D'autres chantiers de simplification pourraient être menés à bien : la mutualisation des certificats d'existence ou, à terme, leur suppression grâce à la mutualisation des données d'état civil.
Nous recommandons aussi de mettre en place les conditions de la lutte contre la fraude au moment même où une prestation est mise en place. L'exemple de la protection universelle maladie (PUMA) est significatif : alors qu'elle ouvre droit à une prise en charge des frais de santé pour les personnes majeures sans activité professionnelle sur le seul critère de la résidence stable et régulière, aucun contrôle automatisé du respect de ce critère n'a été mis en place. La Cour des comptes a ainsi relevé que le traitement des données des assurés ayant déclaré à l'administration fiscale ne plus résider sur le territoire national est encore inachevé, que les échanges avec la caisse des Français de l'étranger ne sont pas opérationnels et que les données des préfectures sur l'expiration des titres de séjour ne sont pas exploitables de façon automatisée.
Mais il faut aussi mettre en regard les moyens mis en oeuvre pour lutter contre la fraude et les résultats qu'ils produisent. Comme nous l'a indiqué Daniel Lenoir, directeur général de la CNAF, les rendements de la lutte contre la fraude, après une période de forte croissance, sont aujourd'hui décroissants.
Bien que fortement améliorés ces dernières années, les outils de lutte contre la fraude atteignent leurs limites. C'est pourquoi, tout comme notre collègue Corinne Imbert, nous sommes convaincues de la nécessité de faire évoluer l'ensemble du modèle, qui repose sur des contrôles a posteriori, vers un système de recueil des données avant le versement des prestations, au profit d'une meilleure prévention des indus, donc des indus frauduleux.
Dans ce domaine également, les possibilités offertes par la déclaration sociale nominative (DSN) sont très larges. Pour ce qui concerne les ressources, elle devrait permettre de disposer du montant des indemnités journalières versées par l'assurance maladie ou encore de celui des indemnités de chômage versées par Pôle emploi. Ne manqueraient dès lors que les pensions alimentaires ou les dons des proches pour apprécier les revenus des allocataires.
La DSN devrait être un puissant levier de simplification pour les allocataires, mais aussi de productivité pour les caisses, qui pourront cibler plus efficacement leurs contrôles sur d'autres éléments que les ressources.

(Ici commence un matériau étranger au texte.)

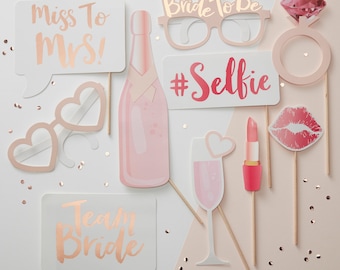 Hen Party Photo Booth Props - Team Bride, Bachelorette Party, Rose Gold, Pink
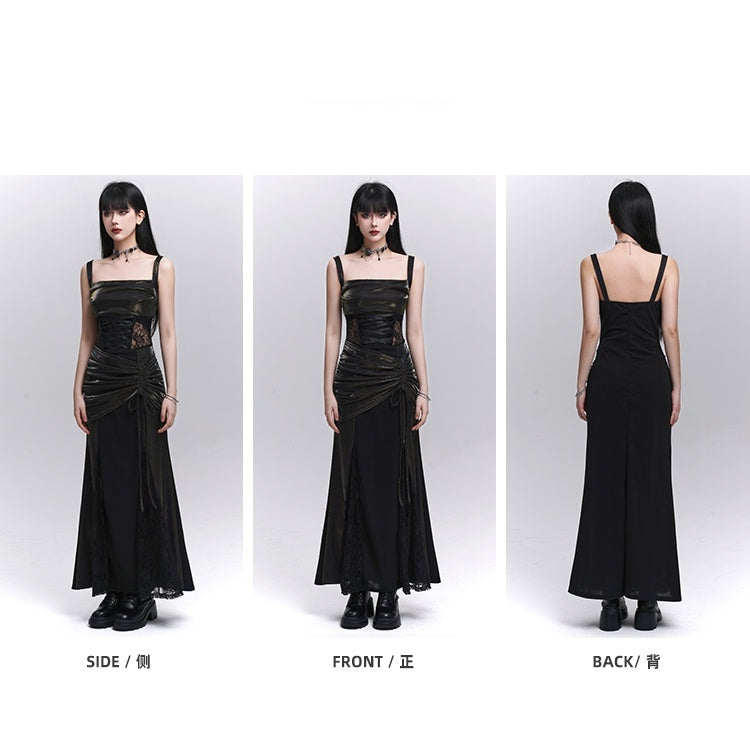 Black Lace Patches Waist Drawstring Hip Sleeveless Dress
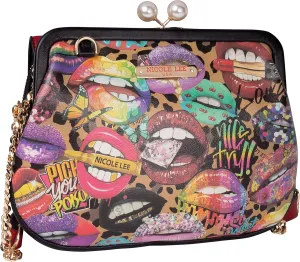 Nicole Lee Pearl Kiss Lock Envelope Crossbody Handbag, Women's Fashion Print Vegan Leather Clutch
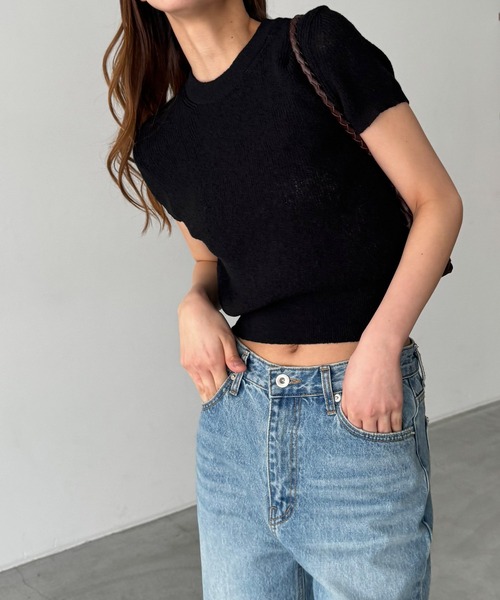 CANAL JEAN（キャナルジーン）の「El mar　コットンリネン半袖ニット（ニット/セーター・レディース・ホワイト/ブラウン/ブラック・ONE SIZE）」の10枚目の写真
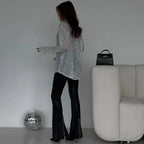Luminara | Gennemsigtig Glimmerbluse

Pour bénéficier pleinement de cet outil, plusieurs conditions devront être réunies. Il faut mettre en place un protocole d'échange de données entre les organismes de sécurité sociale, doter les allocataires d'un identifiant unique qui ne soit pas, comme le numéro d'inscription au répertoire de l'INSEE, le NIR, porteur de données personnelles. Il faut surtout - et ce chantier relève du domaine de la loi - unifier les définitions de notions auxquelles les administrations recourent sans qu'elles recouvrent la même signification en matière sociale et en matière fiscale, parfois même au sein de la sphère sociale : ressources prises en compte pour l'attribution des minima sociaux, salaire, isolement, pension alimentaire... Tout cela, bien sûr, dans le respect de la législation sur les données personnelles. C'est un vaste chantier de modernisation des outils et des méthodes qui doit se poursuivre, dans la continuité de la mise en place de la DSN.
Les ressources publiques se font rares, ce qui justifie la recherche de leur meilleure allocation possible. Au-delà de cet objectif, la légitimité même des prestations exige qu'elles soient servies à bon compte. La lutte contre la fraude est donc un impératif pour les finances sociales comme pour le juste droit.